Os mergulhos com esses aparatos, conhecidos como “rebreathers” (FIGURA 2), nos revelou mais surpresas, dessa vez no campo biológico, uma vez que os paleovales, quando comparados com os bancos de rodolitos adjacentes, agregam uma diversidade muito maior de peixes e outros organismos.
Para registrar a comunidade de peixes, utilizamos câmeras de vídeo lançadas ao fundo em estruturas metálicas atadas à superfície por cabos e boias.

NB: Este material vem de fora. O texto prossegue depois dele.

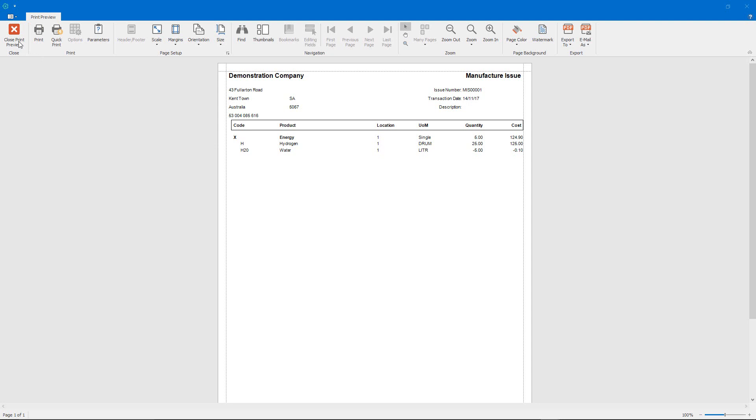So there you have it, that is manufacturing byproducts in Cybiz Vision. Thank you for watching and thank you for choosing Cybiz.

Essas câmeras especiais, construídas no nosso laboratório, permitem estimar o tamanho e o peso dos organismos que passam diante delas, tendo sido essenciais para mostrarmos que os vales funcionam como agregadores de biomassa de peixes. A comunidade de peixes que amostramos, com quase 70 espécies, inclui desde garoupas e badejos cobiçados pela pesca até cardumes com milhares de pequenos planctívoros multicoloridos que não ocorrem, ou que são extremamente raros, nos recifes mais rasos. As paredes dos paleovales também revelaram grande profusão de gorgônias e corais-negros que lembram cabos telefônicos espiralados, boa parte típicos das águas mais fundas e frias do talude continental.

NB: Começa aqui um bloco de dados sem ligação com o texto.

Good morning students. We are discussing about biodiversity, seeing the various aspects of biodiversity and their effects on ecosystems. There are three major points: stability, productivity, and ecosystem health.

A água coletada dentro do vale também foi peculiar, rica em organismos planctônicos característicos do oceano aberto, contrastando com o plâncton dos bancos de rodolitos. Por fim, para fechar um quadro mais holístico sobre os paleovales, os mergulhadores fundearam sensores no seu leito e na planície de rodolitos adjacente, permitindo leituras contínuas das variações na direção, velocidade e características físico-químicas da água, durante vários dias. Essa caracterização revelou que os vales funcionam como canais transversais à Corrente do Brasil, que flui para o sul e domina toda a margem continental do leste do Brasil.

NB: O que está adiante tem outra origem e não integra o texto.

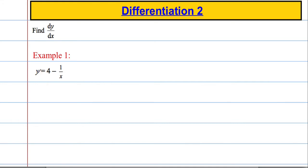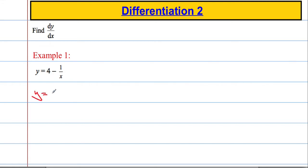Suppose we have a function y equals 4 minus 1 over x and we're asked to find dy/dx. The law we learned in the previous video is not particularly suitable to tackle this type of problem, but we can change this function so that our previous rule is useful. I'm going to leave the 4 alone, but instead of having 1 over x, I can write that as x to the power of negative 1 — in index form.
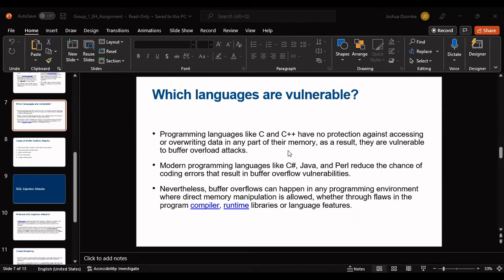However, one of the best ways to prevent exploitation of overflow vulnerabilities is to detect and eliminate them from the source code before the software is put to use, usually by performing some sort of static analysis on either the source code or on the compiled binaries.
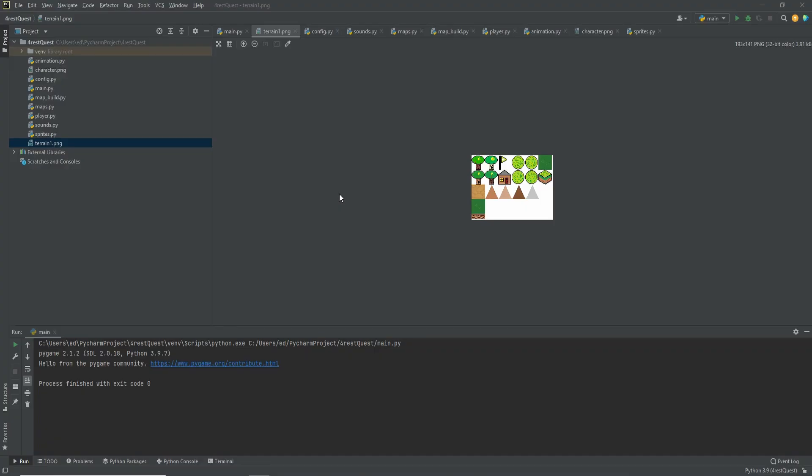Hello and welcome to the fourth part of this Pygame tutorial. Today we are going to be adding some trees as borders to the edge of our map. So let's get started.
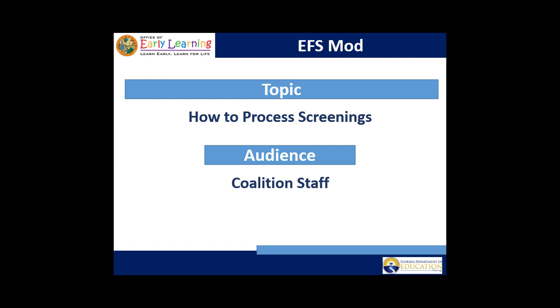We will demonstrate how coalition users process screenings that have concerns in the statewide coalition portal.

Especificamente, os rios submarinos, que há muito deixaram de escoar água doce para o oceano, continuam funcionando como conduítes de água, mas agora trazem a água fria, densa e rica do talude continental, mais pesada do que a água da superfície do mar, para dentro da plataforma continental. E, junto com essa água mais fria, chegam ovos e larvas de muitas espécies, criando um belo, diverso e enigmático mosaico, do qual ainda conhecemos muito pouco.
Apesar de avanços notáveis no conhecimento sobre a biogeodiversidade marinha brasileira, nossos mares ainda escondem formações gigantescas da mais alta relevância enquanto provedoras de serviços ecossistêmicos e repositórios de biodiversidade com alto potencial biotecnológico. Exemplos recentes incluem os bancos de rodolitos de Abrolhos que, apesar de serem maiores que o estado da Paraíba, foram descritos em 2012, bem como os recifes da Costa Amazônica, descritos apenas em 2016, e que, mesmo assim, permanecem insuficientemente conhecidos. Os rios submarinos se somam a esses achados recentes, os quais revelam o quanto nosso país tem sido negligente com as Ciências do Mar e, como consequência, com o uso sustentável dos recursos do mar.Colocar rios submarinos e outras feições geomorfológicas relíquias do Último Máximo Glacial no mapa da costa brasileira é essencial para o sucesso da recente iniciativa de Planejamento Espacial Marinho (PEM), que promete ser um dos processos mais importantes da Década do Oceano, no sentido de organizar a distribuição espacial e temporal das atividades humanas no mar. No caso da Plataforma dos Paleovales, já parcialmente protegida pela APA Costa das Algas, local com a maior biodiversidade de plantas marinhas do país, o desafio urgente é incorporar essas feições no plano de manejo da Unidade de Conservação e monitorar, mitigar e compensar os efeitos da crescente poluição marinha que assola o norte do Espírito Santo e sul da Bahia.